Nebraska sales tax leaves contractors with questions
INSIGHT ARTICLE |
Unique to Nebraska, the state’s framework for imposing sales and use tax on contractor activity requires construction contractors to select one of three classification options. Each option presents different sales and use tax consequences, and for companies based in Nebraska or operating within the state, the options have real implications. Real property construction contractors should be educated on the options to avoid over or underpayment of sales and use tax.
Understanding the activities that qualify
Before selecting from the construction classification options, contractors should understand if the activities they are conducting in the state subject them to be registered. Construction services are generally defined as the annexation of building materials to real property or repair of real property or its fixtures. While the definition certainly includes new construction that is from the ground up, it is meant to be broad and some contractors may be surprised to find that their repair activities meet the definition for qualification purposes. For example, a contractor company that repairs or annexes property by attaching building materials to real estate through improvement, would be subject to registration requirements. In other words, construction does not need to be new construction, but rather can be repairs or improvements to existing buildings.
Even with the broad definition, there are still exceptions. Separately stated construction labor is generally exempt to the customer, while the sale of building materials may be subject to sales and use taxes depending on the option the contractor chooses. For example, if a contractor itemizes billing invoices, with labor and materials as separate line items with separate costs, the labor will always be exempt. However, whether the materials are taxable is dependent on the contractor option.
The classification options described below are applicable when the contractor is performing work on real property, and not when the contractor is operating as a retail vendor of materials.
Factors that Nebraska contractors should consider when determining if their activities are performed on realty or annexed property include whether the work performed is on a building or structure (opposed to tangible personal property) and whether the materials used become a part of the real property.
Understanding the classification options
Retailers of building materials—Option one
An option one contractor is generally referred to as a retailer of building materials. In performing its real property construction projects, an option one contractor should purchase building materials exempt for resale by presenting the vendor of the materials with a properly completed Form 13 Exemption Certificate. Option one contractors must collect sales tax from their customers on separately stated material charges. If a lump-sum invoice is made for both materials and labor, sales tax should be charged on the entire invoice amount.
Consumers of building materials—Option two
An option two contractor is generally referred to as a consumer of building materials. In performing construction projects, an option two contractor should pay sales tax on its purchases of building materials at the time of purchase. When billing for a construction contract, sales and use tax should not be charged on the invoice, regardless of whether the contract is separately stated or lump-sum.
Consumers of building materials who purchase materials tax-exempt—Option three
An option three contractor is also referred to as a consumer of building materials, like option two, except option three contractors purchase materials tax exempt and accrue the use tax due when materials are drawn from inventory for taxable use. An option three contractor should provide its material vendors a properly completed Form 13 Exemption Certificate. Upon withdrawing materials from inventory for a job, the contractor should accrue use tax on the purchase price of the materials. When billing its customers for a construction contract, sales and use tax should not be charged on the invoice. Contractors must choose an option through the Nebraska Department of Labor’s website. Those who do not select an option, will be treated as option one contractors.
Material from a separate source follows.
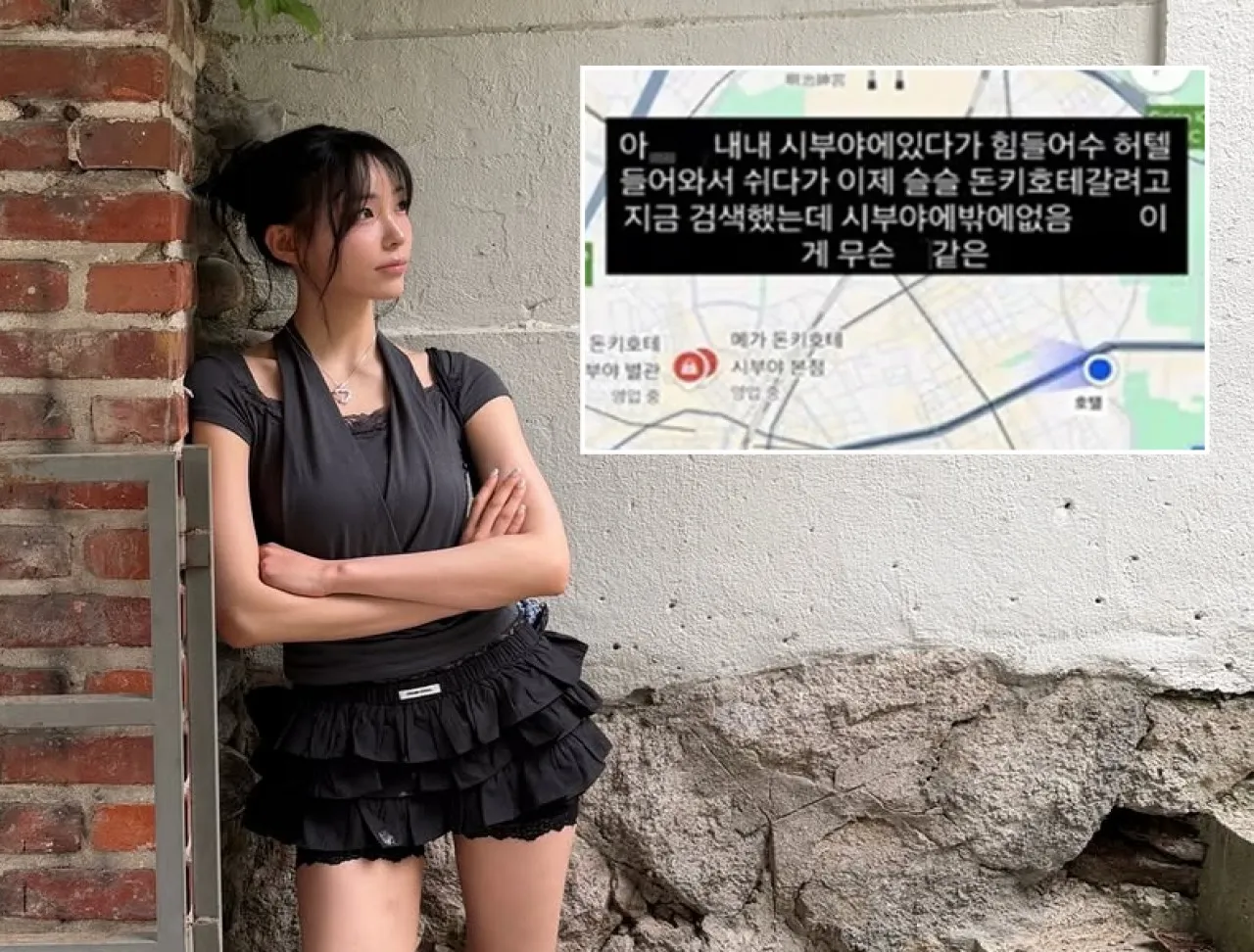 사진=박현지 인스타그램 캡처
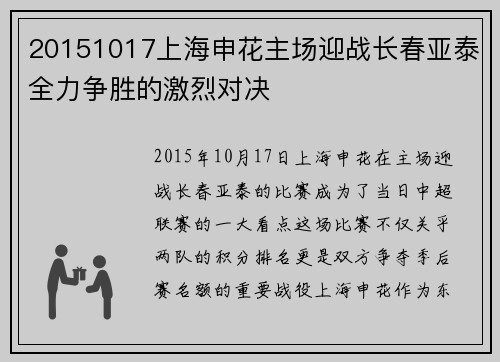 20151017上海申花主场迎战长春亚泰全力争胜的激烈对决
Selecting the appropriate option and understanding the implications on your business
It is important for contractors to understand the available options and then to choose which option most closely aligns with their business practices. Option 1 contractors pass the sales and use tax liability on materials through to their customers, where Option 2 and 3 contractors absorb the sales and use tax on materials and generally account for that liability through a mark-up of the construction contract price. None of the three options impact the sales and use tax liability for tools, equipment, and supplies which are generally taxable to all contractors.
Other factors that Nebraska contractors should consider when choosing an option include:
- Is the contractor performing work for a governmental entity or other exempt entities?
- Is the contractor performing services in addition to real property construction, such as repairs to machinery and equipment?
- Is the contractor performing taxable services, such as building cleaning services?
- Is the contractor purchasing services from other contractors?
Nebraska-based contractors or out-of-state contractors performing work in Nebraska, should fully understand the state’s procedures for real property contractor classification. This includes assessing whether activities are performed are related to realty or not, registering for the contractor option with the Nebraska Department of Labor, and accounting for both sales and purchases in accordance with their selected option. In addition to registering, reporting, and remitting sales and use tax, the state requires contractors to keep extensive records, including applicable exemption certificates, contracts, permits, invoices, and any other documentation to document tax paid or collected.
Multistate construction contractors are often faced with unique sales and use tax procedures when it comes to performing construction services. In Nebraska, the questions become even more important. Contractors planning to perform work in Nebraska or who are currently performing work in the state, but are unsure if the correct option has been selected, should seek guidance from their tax adviser. It’s important to understand the correct procedures and the compliance obligations that accompany each option, thus being prepared to address a state audit or other inquiry.